Recorded data
================================

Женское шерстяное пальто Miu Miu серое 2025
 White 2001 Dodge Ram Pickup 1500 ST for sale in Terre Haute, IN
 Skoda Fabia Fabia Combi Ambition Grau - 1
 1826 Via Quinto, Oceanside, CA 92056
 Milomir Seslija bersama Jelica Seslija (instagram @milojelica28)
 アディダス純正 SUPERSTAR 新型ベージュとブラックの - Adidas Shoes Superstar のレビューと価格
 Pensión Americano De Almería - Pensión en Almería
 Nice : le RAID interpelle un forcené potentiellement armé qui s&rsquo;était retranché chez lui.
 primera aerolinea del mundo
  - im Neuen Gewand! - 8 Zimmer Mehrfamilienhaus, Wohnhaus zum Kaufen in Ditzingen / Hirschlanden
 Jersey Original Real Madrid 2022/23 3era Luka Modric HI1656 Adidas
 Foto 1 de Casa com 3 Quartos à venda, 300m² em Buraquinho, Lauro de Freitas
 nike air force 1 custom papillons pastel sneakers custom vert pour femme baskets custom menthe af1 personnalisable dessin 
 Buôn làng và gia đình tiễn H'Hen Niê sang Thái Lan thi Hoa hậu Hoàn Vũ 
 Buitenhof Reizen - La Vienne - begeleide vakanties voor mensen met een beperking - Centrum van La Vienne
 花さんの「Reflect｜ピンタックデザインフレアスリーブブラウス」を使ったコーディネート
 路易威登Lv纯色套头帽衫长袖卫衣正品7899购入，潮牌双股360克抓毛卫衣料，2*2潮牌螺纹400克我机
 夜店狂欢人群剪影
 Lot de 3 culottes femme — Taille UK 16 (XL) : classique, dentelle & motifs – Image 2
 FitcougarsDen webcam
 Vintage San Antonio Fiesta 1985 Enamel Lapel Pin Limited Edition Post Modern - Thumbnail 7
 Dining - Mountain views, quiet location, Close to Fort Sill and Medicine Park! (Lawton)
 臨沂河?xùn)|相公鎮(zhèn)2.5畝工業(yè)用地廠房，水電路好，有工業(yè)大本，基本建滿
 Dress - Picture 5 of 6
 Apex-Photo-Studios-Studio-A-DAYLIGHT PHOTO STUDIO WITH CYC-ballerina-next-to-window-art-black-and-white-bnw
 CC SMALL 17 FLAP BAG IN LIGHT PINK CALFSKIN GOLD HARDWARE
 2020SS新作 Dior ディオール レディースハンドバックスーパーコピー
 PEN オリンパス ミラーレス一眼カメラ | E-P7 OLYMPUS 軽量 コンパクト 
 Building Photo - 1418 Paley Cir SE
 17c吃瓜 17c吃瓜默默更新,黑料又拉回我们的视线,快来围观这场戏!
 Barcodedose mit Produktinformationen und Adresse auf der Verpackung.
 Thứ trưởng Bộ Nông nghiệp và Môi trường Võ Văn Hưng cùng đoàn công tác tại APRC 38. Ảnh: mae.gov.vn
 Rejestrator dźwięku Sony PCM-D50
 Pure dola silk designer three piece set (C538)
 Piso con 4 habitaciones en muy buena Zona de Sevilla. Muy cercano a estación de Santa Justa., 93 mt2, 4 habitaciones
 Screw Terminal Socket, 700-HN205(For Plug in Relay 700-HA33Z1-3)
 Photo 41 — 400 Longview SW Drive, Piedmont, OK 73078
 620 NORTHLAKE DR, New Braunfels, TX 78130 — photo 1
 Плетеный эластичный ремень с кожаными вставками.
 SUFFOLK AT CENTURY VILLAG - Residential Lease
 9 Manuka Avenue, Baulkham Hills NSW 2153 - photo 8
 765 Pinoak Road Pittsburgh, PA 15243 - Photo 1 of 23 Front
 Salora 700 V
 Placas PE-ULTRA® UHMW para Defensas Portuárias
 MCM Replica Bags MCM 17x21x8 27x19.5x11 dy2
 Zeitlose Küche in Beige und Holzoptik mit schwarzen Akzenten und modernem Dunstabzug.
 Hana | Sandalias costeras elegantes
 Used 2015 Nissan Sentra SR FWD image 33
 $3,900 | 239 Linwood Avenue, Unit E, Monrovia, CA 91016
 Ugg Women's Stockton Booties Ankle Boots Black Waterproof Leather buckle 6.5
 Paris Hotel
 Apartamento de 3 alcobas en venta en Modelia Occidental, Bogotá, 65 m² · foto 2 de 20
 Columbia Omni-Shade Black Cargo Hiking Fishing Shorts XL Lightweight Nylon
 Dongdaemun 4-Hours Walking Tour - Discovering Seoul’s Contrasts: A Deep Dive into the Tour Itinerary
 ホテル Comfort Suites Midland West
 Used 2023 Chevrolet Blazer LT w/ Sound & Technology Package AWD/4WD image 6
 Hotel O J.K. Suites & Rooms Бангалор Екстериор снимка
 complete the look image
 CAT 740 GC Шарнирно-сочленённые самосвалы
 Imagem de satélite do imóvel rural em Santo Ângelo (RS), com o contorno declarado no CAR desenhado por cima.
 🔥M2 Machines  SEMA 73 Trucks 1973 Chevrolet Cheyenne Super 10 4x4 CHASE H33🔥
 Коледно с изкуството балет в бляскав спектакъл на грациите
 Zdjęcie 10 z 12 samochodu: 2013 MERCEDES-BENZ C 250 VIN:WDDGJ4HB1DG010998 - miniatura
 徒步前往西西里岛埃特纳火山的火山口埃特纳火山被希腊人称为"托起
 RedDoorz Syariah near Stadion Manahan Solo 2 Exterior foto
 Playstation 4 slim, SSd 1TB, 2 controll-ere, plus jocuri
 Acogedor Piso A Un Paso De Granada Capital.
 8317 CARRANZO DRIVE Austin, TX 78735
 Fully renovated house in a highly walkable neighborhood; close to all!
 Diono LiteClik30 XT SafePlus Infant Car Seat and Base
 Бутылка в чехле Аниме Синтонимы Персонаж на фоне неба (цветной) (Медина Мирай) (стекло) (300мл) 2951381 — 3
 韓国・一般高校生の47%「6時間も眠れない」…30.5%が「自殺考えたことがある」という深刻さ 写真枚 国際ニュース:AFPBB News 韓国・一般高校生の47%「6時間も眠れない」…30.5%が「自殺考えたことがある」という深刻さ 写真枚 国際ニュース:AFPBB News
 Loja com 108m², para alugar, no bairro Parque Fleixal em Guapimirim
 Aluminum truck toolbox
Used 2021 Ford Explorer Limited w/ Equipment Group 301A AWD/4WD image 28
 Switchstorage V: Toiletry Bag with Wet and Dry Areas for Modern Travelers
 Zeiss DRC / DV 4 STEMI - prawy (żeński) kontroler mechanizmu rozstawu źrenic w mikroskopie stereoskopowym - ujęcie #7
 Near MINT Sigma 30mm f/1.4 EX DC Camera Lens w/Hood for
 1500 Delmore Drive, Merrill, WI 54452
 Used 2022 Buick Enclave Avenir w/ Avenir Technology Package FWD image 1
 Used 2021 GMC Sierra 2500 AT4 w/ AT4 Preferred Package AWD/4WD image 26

================================

**YOUR OBJECTIVE:** Output all entries again exactly; no line may be altered.

**ANSWER TO THE PROBLEM:**
Женское шерстяное пальто Miu Miu серое 2025
 White 2001 Dodge Ram Pickup 1500 ST for sale in Terre Haute, IN
 Skoda Fabia Fabia Combi Ambition Grau - 1
 1826 Via Quinto, Oceanside, CA 92056
 Milomir Seslija bersama Jelica Seslija (instagram @milojelica28)
 アディダス純正 SUPERSTAR 新型ベージュとブラックの - Adidas Shoes Superstar のレビューと価格
 Pensión Americano De Almería - Pensión en Almería
 Nice : le RAID interpelle un forcené potentiellement armé qui s&rsquo;était retranché chez lui.
 primera aerolinea del mundo
  - im Neuen Gewand! - 8 Zimmer Mehrfamilienhaus, Wohnhaus zum Kaufen in Ditzingen / Hirschlanden
 Jersey Original Real Madrid 2022/23 3era Luka Modric HI1656 Adidas
 Foto 1 de Casa com 3 Quartos à venda, 300m² em Buraquinho, Lauro de Freitas
 nike air force 1 custom papillons pastel sneakers custom vert pour femme baskets custom menthe af1 personnalisable dessin 
 Buôn làng và gia đình tiễn H'Hen Niê sang Thái Lan thi Hoa hậu Hoàn Vũ 
 Buitenhof Reizen - La Vienne - begeleide vakanties voor mensen met een beperking - Centrum van La Vienne
 花さんの「Reflect｜ピンタックデザインフレアスリーブブラウス」を使ったコーディネート
 路易威登Lv纯色套头帽衫长袖卫衣正品7899购入，潮牌双股360克抓毛卫衣料，2*2潮牌螺纹400克我机
 夜店狂欢人群剪影
 Lot de 3 culottes femme — Taille UK 16 (XL) : classique, dentelle & motifs – Image 2
 FitcougarsDen webcam
 Vintage San Antonio Fiesta 1985 Enamel Lapel Pin Limited Edition Post Modern - Thumbnail 7
 Dining - Mountain views, quiet location, Close to Fort Sill and Medicine Park! (Lawton)
 臨沂河?xùn)|相公鎮(zhèn)2.5畝工業(yè)用地廠房，水電路好，有工業(yè)大本，基本建滿
 Dress - Picture 5 of 6
 Apex-Photo-Studios-Studio-A-DAYLIGHT PHOTO STUDIO WITH CYC-ballerina-next-to-window-art-black-and-white-bnw
 CC SMALL 17 FLAP BAG IN LIGHT PINK CALFSKIN GOLD HARDWARE
 2020SS新作 Dior ディオール レディースハンドバックスーパーコピー
 PEN オリンパス ミラーレス一眼カメラ | E-P7 OLYMPUS 軽量 コンパクト 
 Building Photo - 1418 Paley Cir SE
 17c吃瓜 17c吃瓜默默更新,黑料又拉回我们的视线,快来围观这场戏!
 Barcodedose mit Produktinformationen und Adresse auf der Verpackung.
 Thứ trưởng Bộ Nông nghiệp và Môi trường Võ Văn Hưng cùng đoàn công tác tại APRC 38. Ảnh: mae.gov.vn
 Rejestrator dźwięku Sony PCM-D50
 Pure dola silk designer three piece set (C538)
 Piso con 4 habitaciones en muy buena Zona de Sevilla. Muy cercano a estación de Santa Justa., 93 mt2, 4 habitaciones
 Screw Terminal Socket, 700-HN205(For Plug in Relay 700-HA33Z1-3)
 Photo 41 — 400 Longview SW Drive, Piedmont, OK 73078
 620 NORTHLAKE DR, New Braunfels, TX 78130 — photo 1
 Плетеный эластичный ремень с кожаными вставками.
 SUFFOLK AT CENTURY VILLAG - Residential Lease
 9 Manuka Avenue, Baulkham Hills NSW 2153 - photo 8
 765 Pinoak Road Pittsburgh, PA 15243 - Photo 1 of 23 Front
 Salora 700 V
 Placas PE-ULTRA® UHMW para Defensas Portuárias
 MCM Replica Bags MCM 17x21x8 27x19.5x11 dy2
 Zeitlose Küche in Beige und Holzoptik mit schwarzen Akzenten und modernem Dunstabzug.
 Hana | Sandalias costeras elegantes
 Used 2015 Nissan Sentra SR FWD image 33
 $3,900 | 239 Linwood Avenue, Unit E, Monrovia, CA 91016
 Ugg Women's Stockton Booties Ankle Boots Black Waterproof Leather buckle 6.5
 Paris Hotel
 Apartamento de 3 alcobas en venta en Modelia Occidental, Bogotá, 65 m² · foto 2 de 20
 Columbia Omni-Shade Black Cargo Hiking Fishing Shorts XL Lightweight Nylon
 Dongdaemun 4-Hours Walking Tour - Discovering Seoul’s Contrasts: A Deep Dive into the Tour Itinerary
 ホテル Comfort Suites Midland West
 Used 2023 Chevrolet Blazer LT w/ Sound & Technology Package AWD/4WD image 6
 Hotel O J.K. Suites & Rooms Бангалор Екстериор снимка
 complete the look image
 CAT 740 GC Шарнирно-сочленённые самосвалы
 Imagem de satélite do imóvel rural em Santo Ângelo (RS), com o contorno declarado no CAR desenhado por cima.
 🔥M2 Machines  SEMA 73 Trucks 1973 Chevrolet Cheyenne Super 10 4x4 CHASE H33🔥
 Коледно с изкуството балет в бляскав спектакъл на грациите
 Zdjęcie 10 z 12 samochodu: 2013 MERCEDES-BENZ C 250 VIN:WDDGJ4HB1DG010998 - miniatura
 徒步前往西西里岛埃特纳火山的火山口埃特纳火山被希腊人称为"托起
 RedDoorz Syariah near Stadion Manahan Solo 2 Exterior foto
 Playstation 4 slim, SSd 1TB, 2 controll-ere, plus jocuri
 Acogedor Piso A Un Paso De Granada Capital.
 8317 CARRANZO DRIVE Austin, TX 78735
 Fully renovated house in a highly walkable neighborhood; close to all!
 Diono LiteClik30 XT SafePlus Infant Car Seat and Base
 Бутылка в чехле Аниме Синтонимы Персонаж на фоне неба (цветной) (Медина Мирай) (стекло) (300мл) 2951381 — 3
 韓国・一般高校生の47%「6時間も眠れない」…30.5%が「自殺考えたことがある」という深刻さ 写真枚 国際ニュース:AFPBB News 韓国・一般高校生の47%「6時間も眠れない」…30.5%が「自殺考えたことがある」という深刻さ 写真枚 国際ニュース:AFPBB News
 Loja com 108m², para alugar, no bairro Parque Fleixal em Guapimirim
 Aluminum truck toolbox
Used 2021 Ford Explorer Limited w/ Equipment Group 301A AWD/4WD image 28
 Switchstorage V: Toiletry Bag with Wet and Dry Areas for Modern Travelers
 Zeiss DRC / DV 4 STEMI - prawy (żeński) kontroler mechanizmu rozstawu źrenic w mikroskopie stereoskopowym - ujęcie #7
 Near MINT Sigma 30mm f/1.4 EX DC Camera Lens w/Hood for
 1500 Delmore Drive, Merrill, WI 54452
 Used 2022 Buick Enclave Avenir w/ Avenir Technology Package FWD image 1
 Used 2021 GMC Sierra 2500 AT4 w/ AT4 Preferred Package AWD/4WD image 26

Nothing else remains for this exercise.